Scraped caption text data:
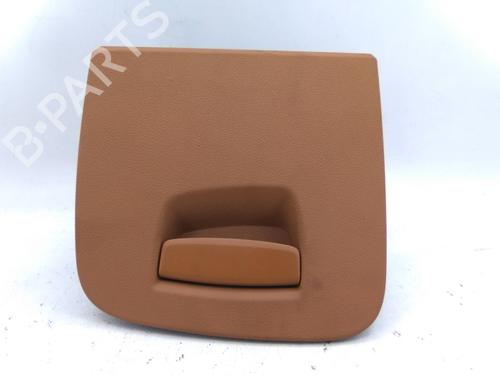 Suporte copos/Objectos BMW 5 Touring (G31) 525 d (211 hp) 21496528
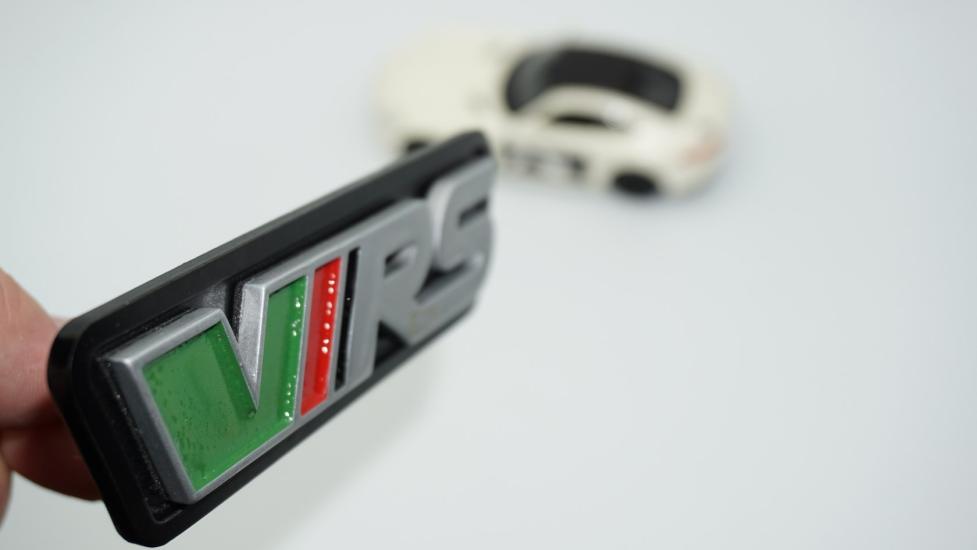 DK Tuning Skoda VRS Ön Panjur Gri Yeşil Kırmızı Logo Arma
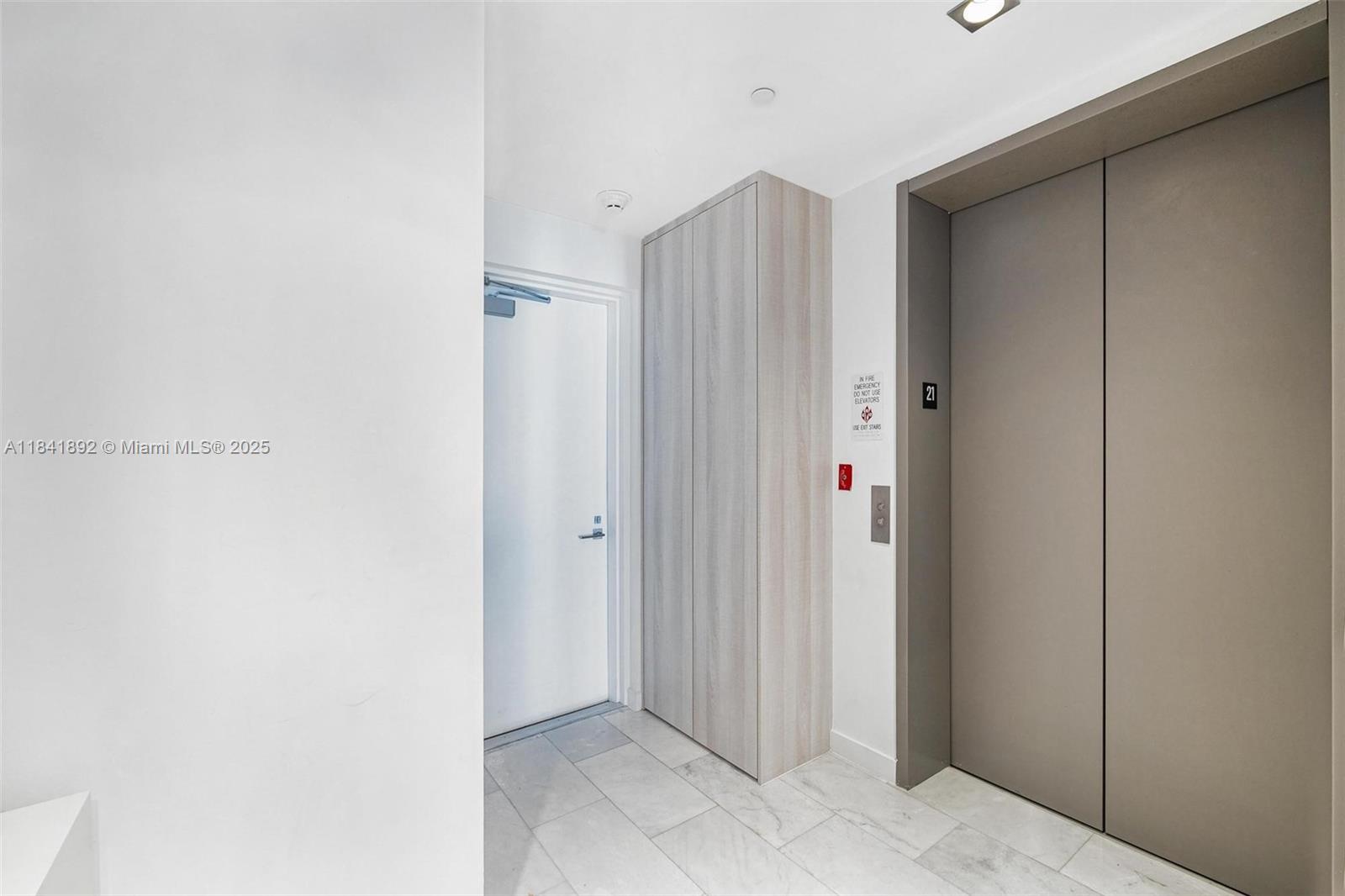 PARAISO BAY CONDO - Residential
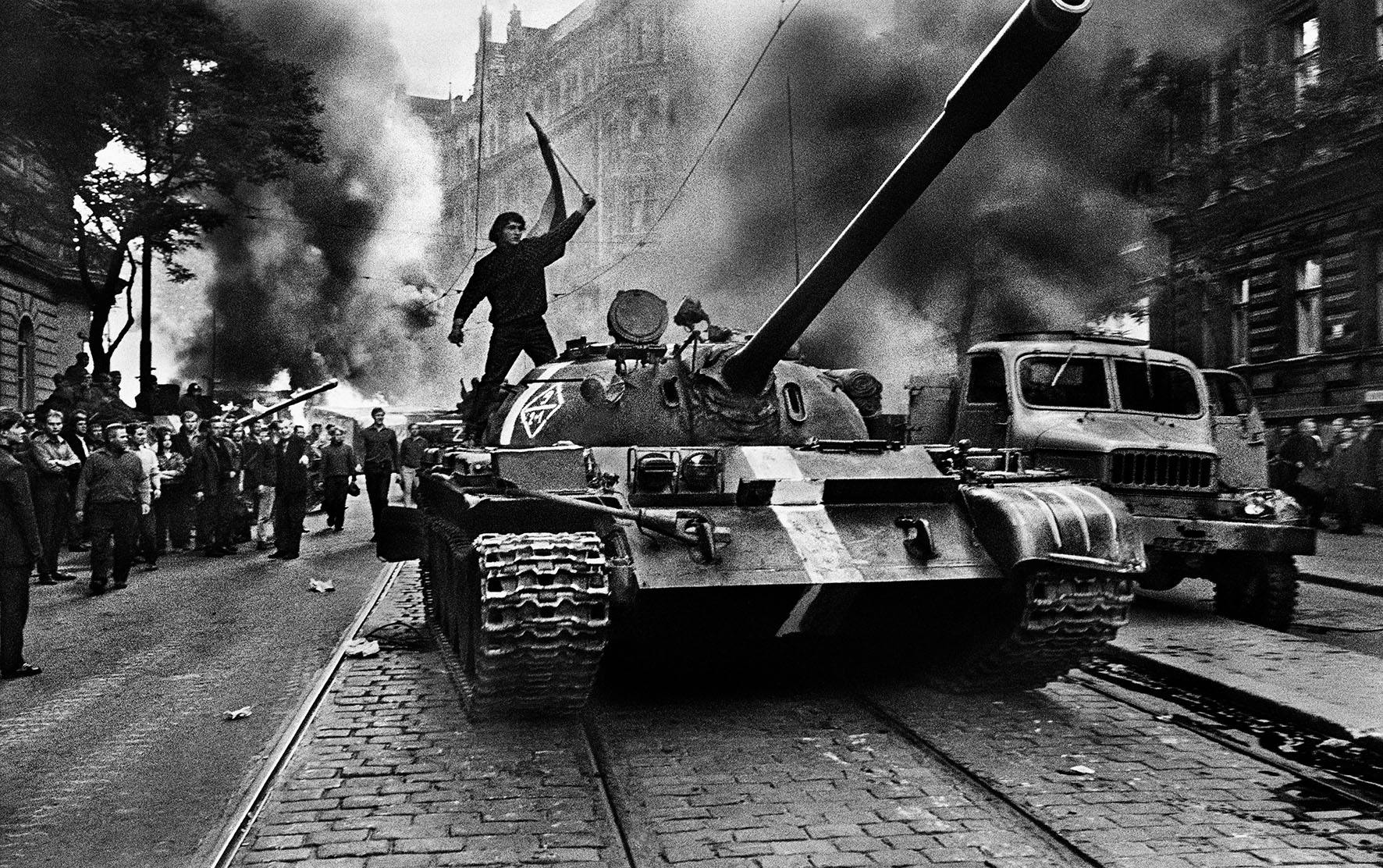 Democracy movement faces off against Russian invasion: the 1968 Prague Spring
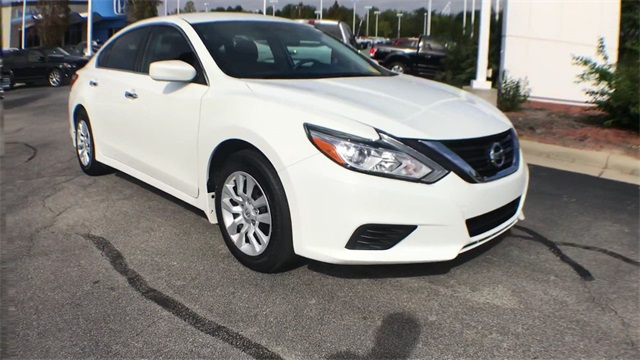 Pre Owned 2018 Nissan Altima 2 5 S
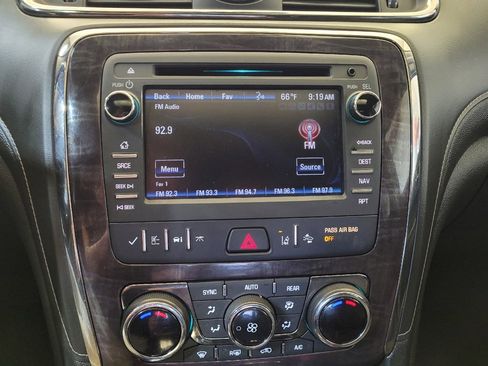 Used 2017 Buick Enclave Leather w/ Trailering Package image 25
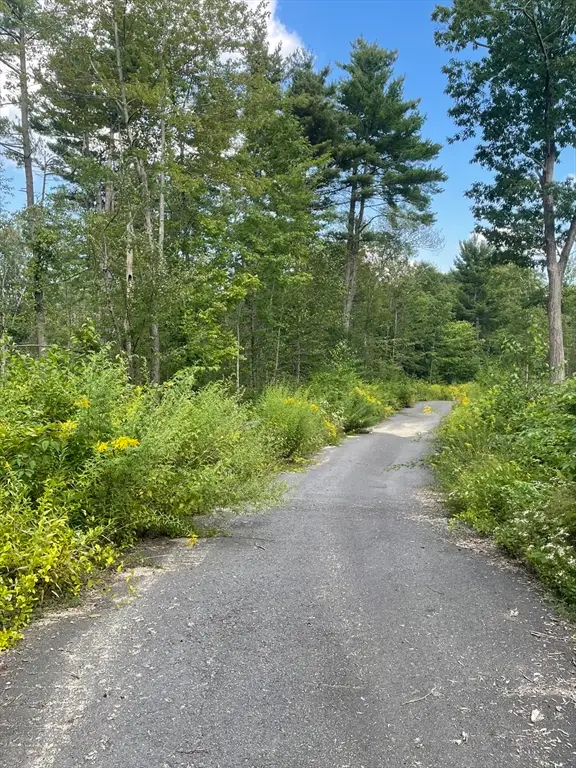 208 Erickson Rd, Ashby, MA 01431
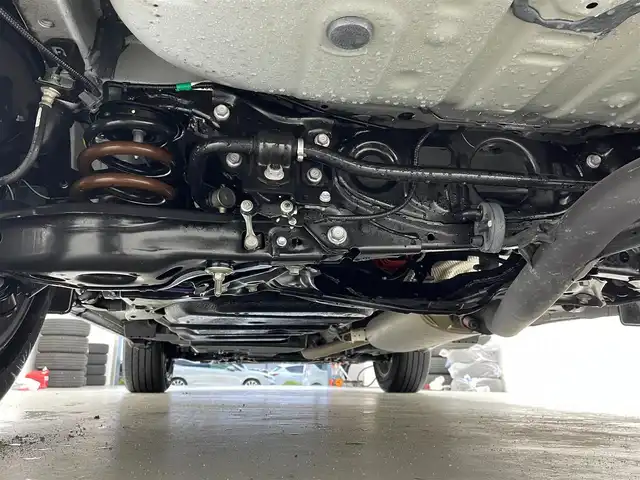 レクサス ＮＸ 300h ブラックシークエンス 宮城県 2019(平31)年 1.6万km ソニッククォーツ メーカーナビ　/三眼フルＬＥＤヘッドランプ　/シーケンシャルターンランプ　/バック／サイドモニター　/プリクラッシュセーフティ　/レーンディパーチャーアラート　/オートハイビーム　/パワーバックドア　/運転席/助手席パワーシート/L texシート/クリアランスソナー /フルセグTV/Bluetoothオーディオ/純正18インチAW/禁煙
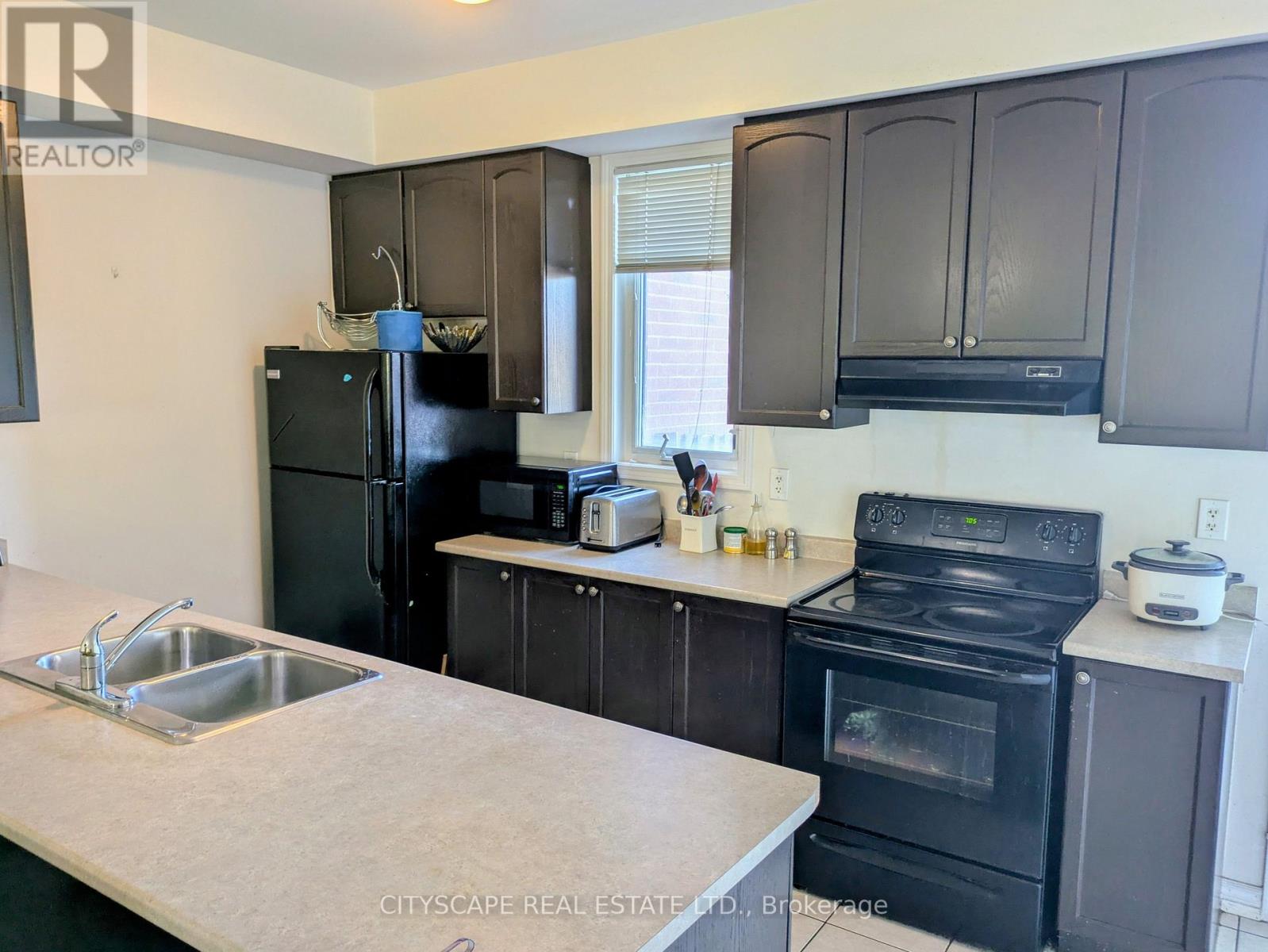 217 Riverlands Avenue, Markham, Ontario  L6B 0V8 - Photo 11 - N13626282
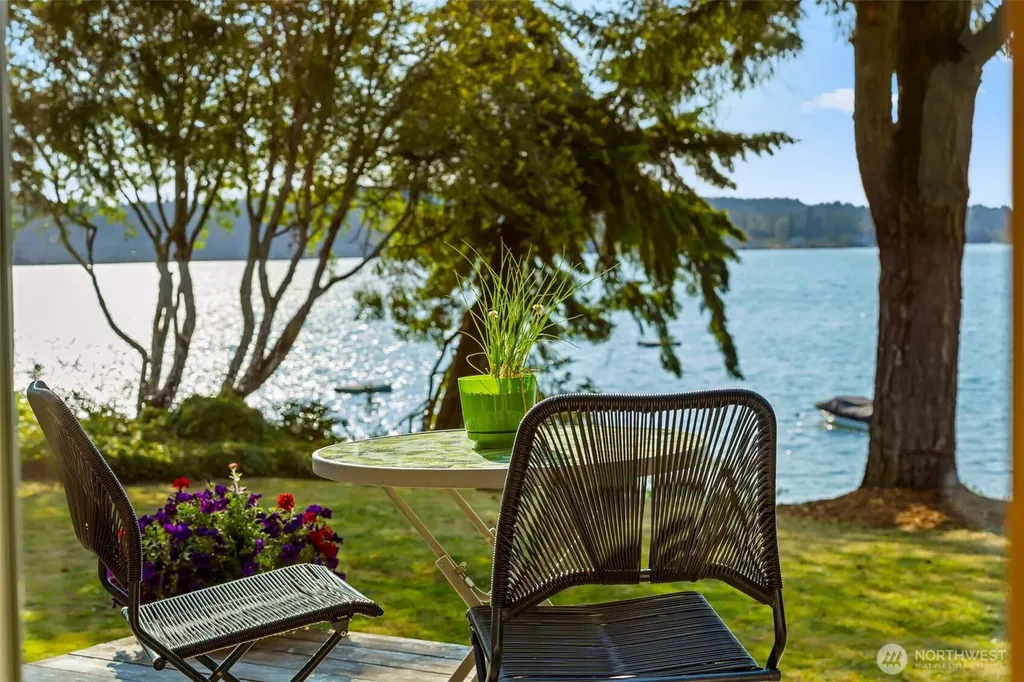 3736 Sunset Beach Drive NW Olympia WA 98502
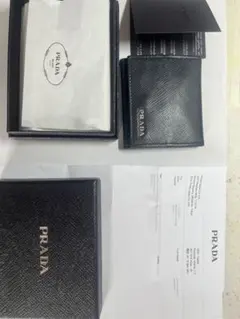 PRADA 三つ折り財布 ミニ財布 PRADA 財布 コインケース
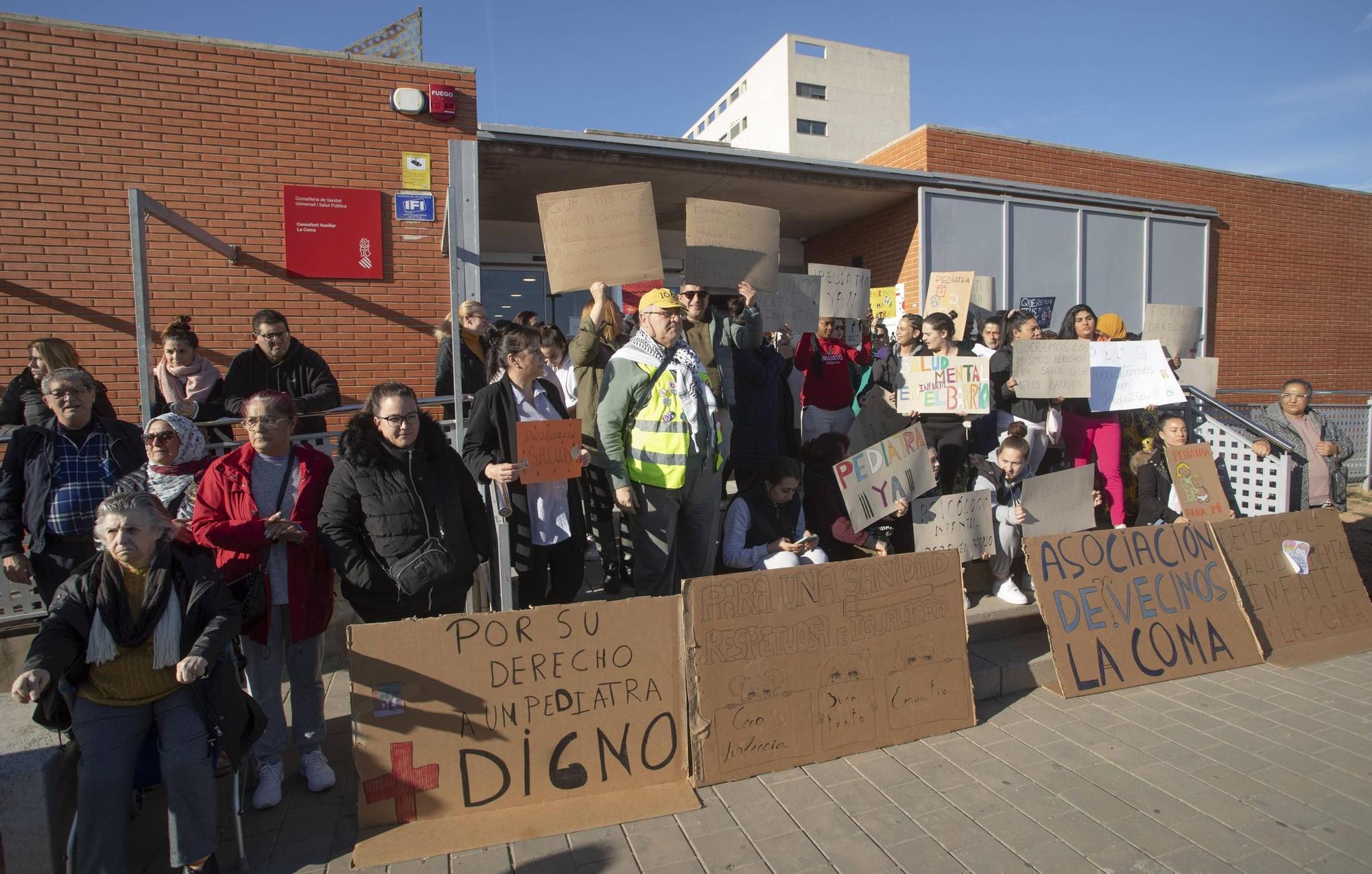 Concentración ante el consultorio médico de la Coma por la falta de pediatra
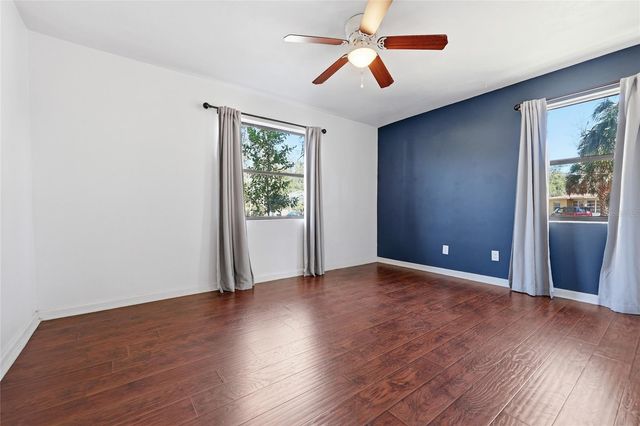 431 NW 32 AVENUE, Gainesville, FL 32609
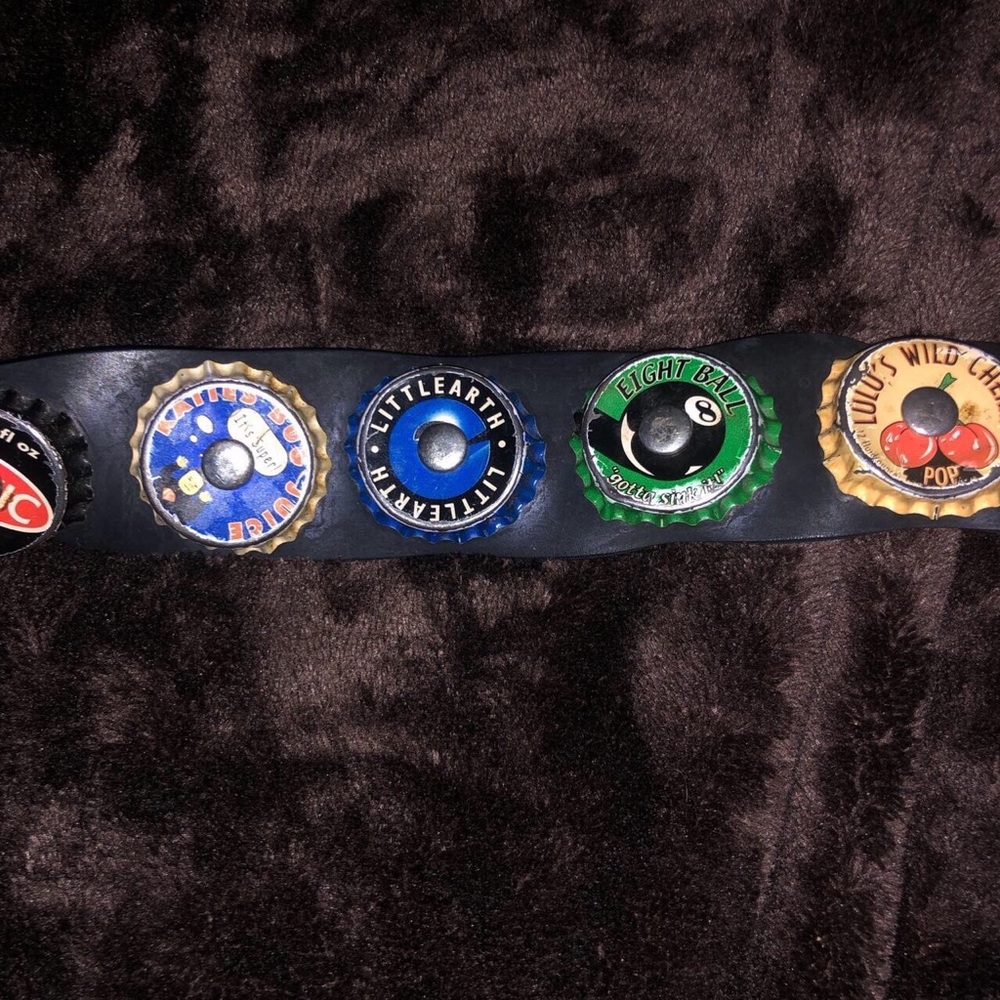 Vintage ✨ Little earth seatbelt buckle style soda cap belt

PROBLEM DETAILS: Each entry above should be given again exactly, with its pictures omitted.

WORKED SOLUTION:
 Suporte copos/Objectos BMW 5 Touring (G31) 525 d (211 hp) 21496528
 DK Tuning Skoda VRS Ön Panjur Gri Yeşil Kırmızı Logo Arma
 PARAISO BAY CONDO - Residential
 Democracy movement faces off against Russian invasion: the 1968 Prague Spring
 Pre Owned 2018 Nissan Altima 2 5 S
 Used 2017 Buick Enclave Leather w/ Trailering Package image 25
 208 Erickson Rd, Ashby, MA 01431
 レクサス ＮＸ 300h ブラックシークエンス 宮城県 2019(平31)年 1.6万km ソニッククォーツ メーカーナビ　/三眼フルＬＥＤヘッドランプ　/シーケンシャルターンランプ　/バック／サイドモニター　/プリクラッシュセーフティ　/レーンディパーチャーアラート　/オートハイビーム　/パワーバックドア　/運転席/助手席パワーシート/L texシート/クリアランスソナー /フルセグTV/Bluetoothオーディオ/純正18インチAW/禁煙
 217 Riverlands Avenue, Markham, Ontario  L6B 0V8 - Photo 11 - N13626282
 3736 Sunset Beach Drive NW Olympia WA 98502
 PRADA 三つ折り財布 ミニ財布 PRADA 財布 コインケース
 Concentración ante el consultorio médico de la Coma por la falta de pediatra
 431 NW 32 AVENUE, Gainesville, FL 32609
 Vintage ✨ Little earth seatbelt buckle style soda cap belt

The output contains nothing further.